Het Centraal Planbureau (CPB) raamde in juni 2020 nog drie mogelijke scenario’s voor de coronacrisis (CPB 2020). Volgens het basisscenario zou het bruto binnenlands product (bbp) in 2020 met 6,4 procent krimpen, waarna de economie in 2021 met een groei van 3,3 procent slechts gedeeltelijk zou herstellen. Door alle steunmaatregelen van de overheid zou de staatsschuld toenemen tot 61 procent van het bbp in 2021. Uit de laatste cijfers van het CBS blijkt echter dat de economie beter gereageerd heeft op de coronacrisis dan het CPB met het basisscenario in juni 2020 verwachtte. Het bbp nam met 3,9 procent af, waarna het in 2021 ruimschoots herstelde met een groei van 4,9 procent. De staatsschuld bedroeg eind 2021 slechts 52,4 procent van het bbp, ondanks dat er voor ruim 40 miljard euro aan coronagerelateerde subsidies werden uitgekeerd.
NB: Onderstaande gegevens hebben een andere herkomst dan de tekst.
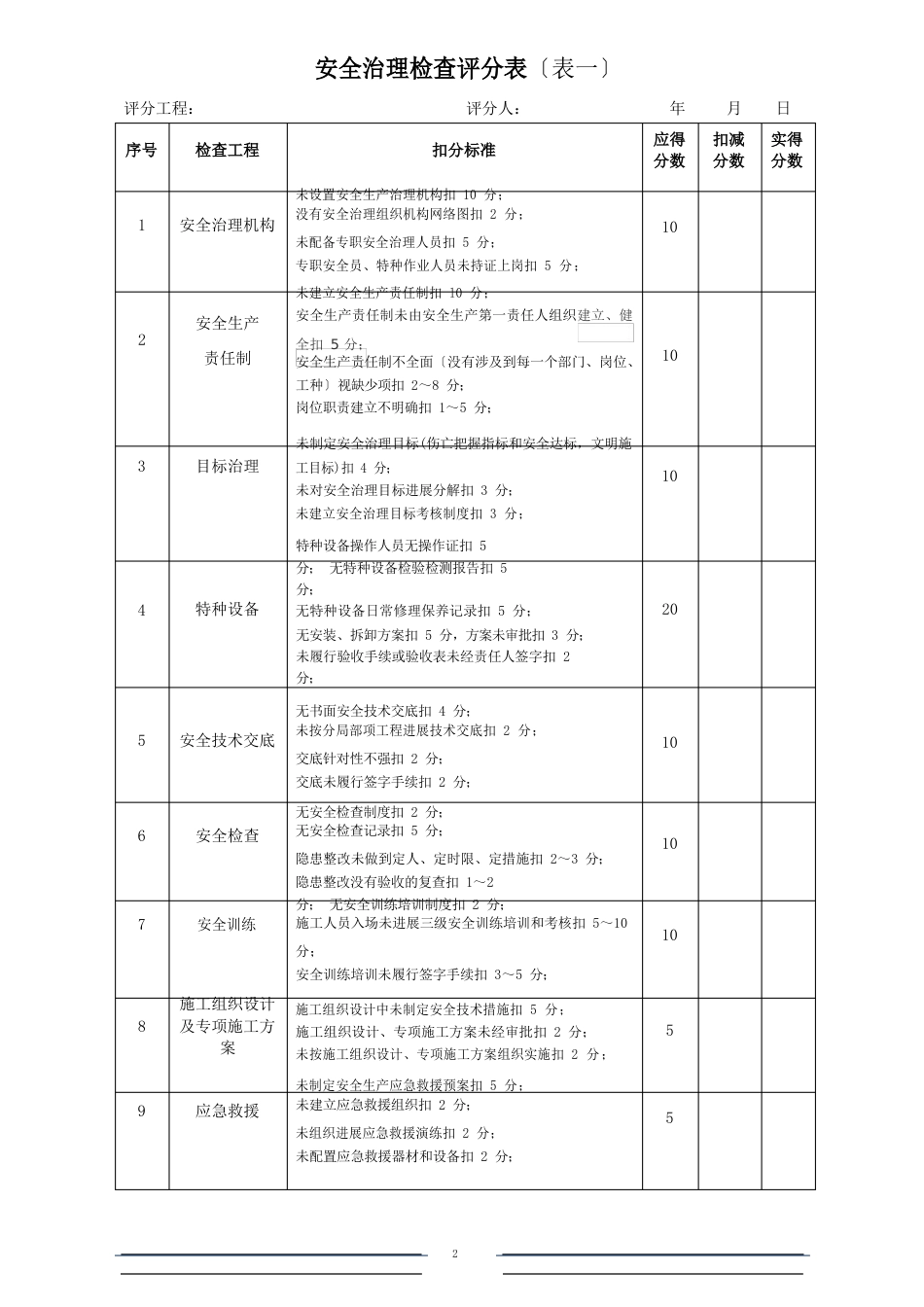 环保安全检查考核评分表_第2页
In dit artikel wordt verder ingegaan op de economische situatie van de verschillende institutionele sectoren in Nederland tijdens de coronajaren 2020 en 2021. Daarbij wordt gebruik gemaakt van de het systeem van Nationale rekeningen. Dit is het officiële boekhoudkundig systeem waarmee de financiële huishouding van Nederland wordt berekend en gepubliceerd door het CBS. Zo kan voor de verschillende sectoren beschreven worden hoe de inkomens en vermogens zijn veranderd.
Eerst wordt aan de hand van het bruto nationaal inkomen (bni) en het vorderingensaldo een totaalbeeld geschetst van de Nederlandse economie in 2020 en 2021. Vervolgens staan de verschillen tussen de sectoren centraal: de overheid, de niet-financiële vennootschappen, de huishoudens en de instellingen zonder winstoogmerk ten behoeve van huishoudens. Ook wordt er ingegaan op de financiële situatie van pensioenfondsen. Daarbij zal beschreven worden hoe de financiële situatie van deze sectoren veranderd is tijdens de coronacrisis.
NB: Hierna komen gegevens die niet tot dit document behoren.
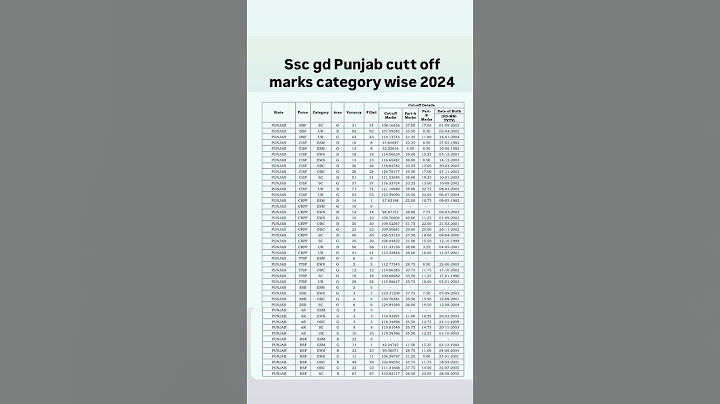 Ssc gd Punjab  cut off 2024/ ssc gd Punjab Final Cut off 2024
De cijfers in dit artikel zijn de bijgestelde en definitieve cijfers voor 2020. Voor 2021 worden voorlopige cijfers gebruikt. Die worden in 2023 nog bijgesteld als nieuwe broninformatie beschikbaar komt. De bijstellingen voor het verslagjaar 2020 waren vanwege de onzekerheden die de coronacrisis met zich meebrengt groter dan normaal. Met name de uitgekeerde subsidies zijn fors bijgesteld, omdat van tevoren moeilijk was in te schatten welk gedeelte hiervan nog zou worden terugbetaald.